Williams’ claims against the Executive Committee and Lifeway
Citing Russell Moore’s leaked letters, among other sources, Williams asserts she has “joined with many women and some men who have been victims of such abuse in Baptist churches and institutions by clergy and other employees and agents of the denomination.” She claims the SBC through its Executive Committee, Lifeway and Southern Seminary “have ignored this reality and chosen to minimize or ignore it.”
The result, the suit charges, is that clergy such as her father have been “passed along” from church to church with no denominational intervention — even when convention officials knew there were credible accusations made.
The suit seeks damages for defamation and civil conspiracy from the plaintiffs.
“The Executive Committee will review the pleading and will respond appropriately in court, not in the media.”
For its part, the Executive Committee issued a two-sentence response: “The Executive Committee is aware of the filing, and it takes allegations of any form of abuse seriously. The Executive Committee will review the pleading and will respond appropriately in court, not in the media.”

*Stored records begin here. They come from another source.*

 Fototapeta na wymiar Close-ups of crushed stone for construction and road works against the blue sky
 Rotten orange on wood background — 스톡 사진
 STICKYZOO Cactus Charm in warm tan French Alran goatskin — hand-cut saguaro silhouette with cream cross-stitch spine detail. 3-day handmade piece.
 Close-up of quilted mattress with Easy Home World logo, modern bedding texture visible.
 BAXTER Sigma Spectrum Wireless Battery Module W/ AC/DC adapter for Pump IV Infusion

Lifeway is a named defendant because of Williams’ father’s employment at the campus bookstore, which was outsourced to Lifeway. A spokesperson for Lifeway did not respond to BNG’s request for comment.
Parallels to Southwestern Seminary lawsuit
Williams’ charges against Southern Seminary are similar in some ways to another lawsuit that has been pending against Southwestern Baptist Theological Seminary and its former president, Paige Patterson, since 2019. That suit currently is working its way through federal district court in Texas, where last week both the seminary and Patterson filed motions asking for summary judgments to dismiss most or all the charges against them. The judge has not yet ruled on those requests.

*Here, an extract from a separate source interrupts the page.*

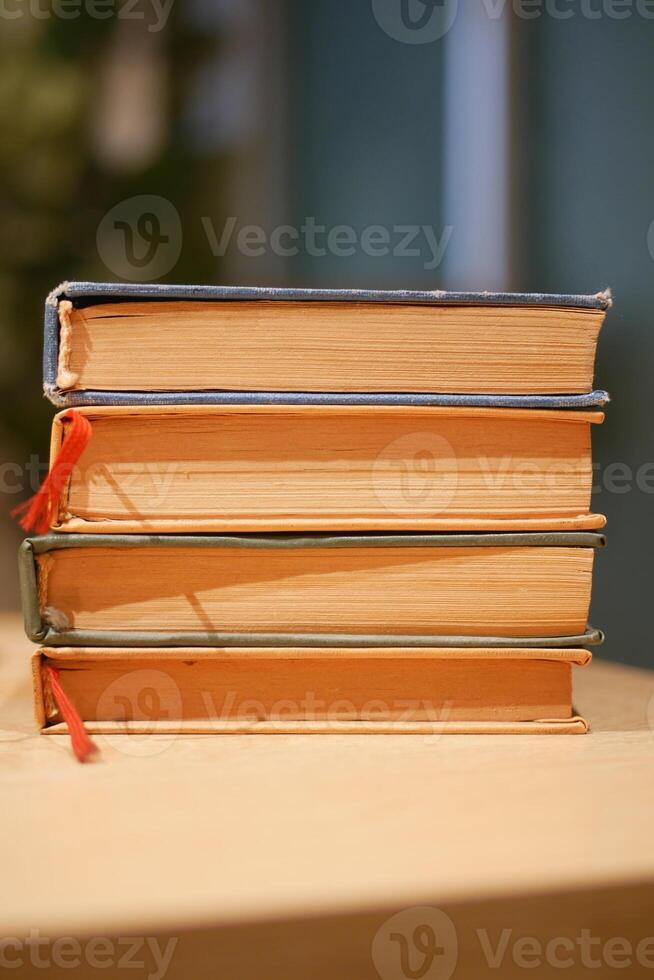 Stacked vintage books with colored spines on a wooden table photo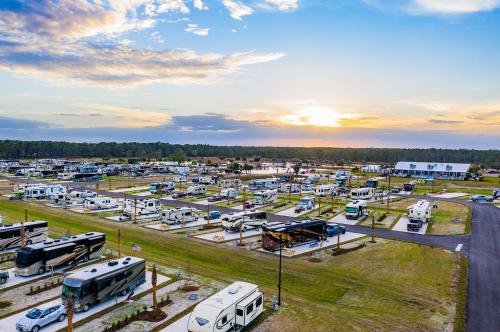 Aerial view of a large RV park at sunset, with numerous parked RVs and a scenic landscape in the background.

This case, brought by an anonymous woman identified only as Jane Roe, involves allegations of a female student at Southwestern being stalked, raped and repeatedly abused by a male student who also was a seminary employee with access to her campus living space. The suit contends that the seminary and Patterson are liable for not protecting her, although she did not report the abusive behavior to seminary officials until several months after it allegedly happened.
Patterson’s mishandling of this case — he reportedly told other seminary officials he needed to “break her down” to silence her — led to Patterson’s dismissal by seminary trustees in 2018. Patterson previously had been accused of mishandling sexual abuse claims at Southeastern Baptist Theological Seminary in North Carolina, where he previously served as president.
At one point, a trial date had been indicated for September of this year, but the court’s docket does not currently indicate when the jury trial might begin.
SBC task force
Williams’ lawsuit against the Executive Committee and others comes at a precipitous time, due the recent formation of the SBC’s special task force investigating allegations of mishandled sexual abuse claims.
That task force has just begun its work, led by two men, and with only two of the seven members being women. Bruce Frank, lead pastor of Biltmore Baptist Church of Arden, N.C., serves as chairman, and Marshall Blalock, pastor of First Baptist Church of Charleston, S.C., serves as vice chairman.
On Aug. 6, the task force issued a public call for proposals from firms interested in conducting the review, apparently indicating that the task force is not committed to Guidepost Solutions, the firm previously hired by the Executive Committee. The Executive Committee has paused its original contract with Guideposts while awaiting further information from the task force, a spokesman said.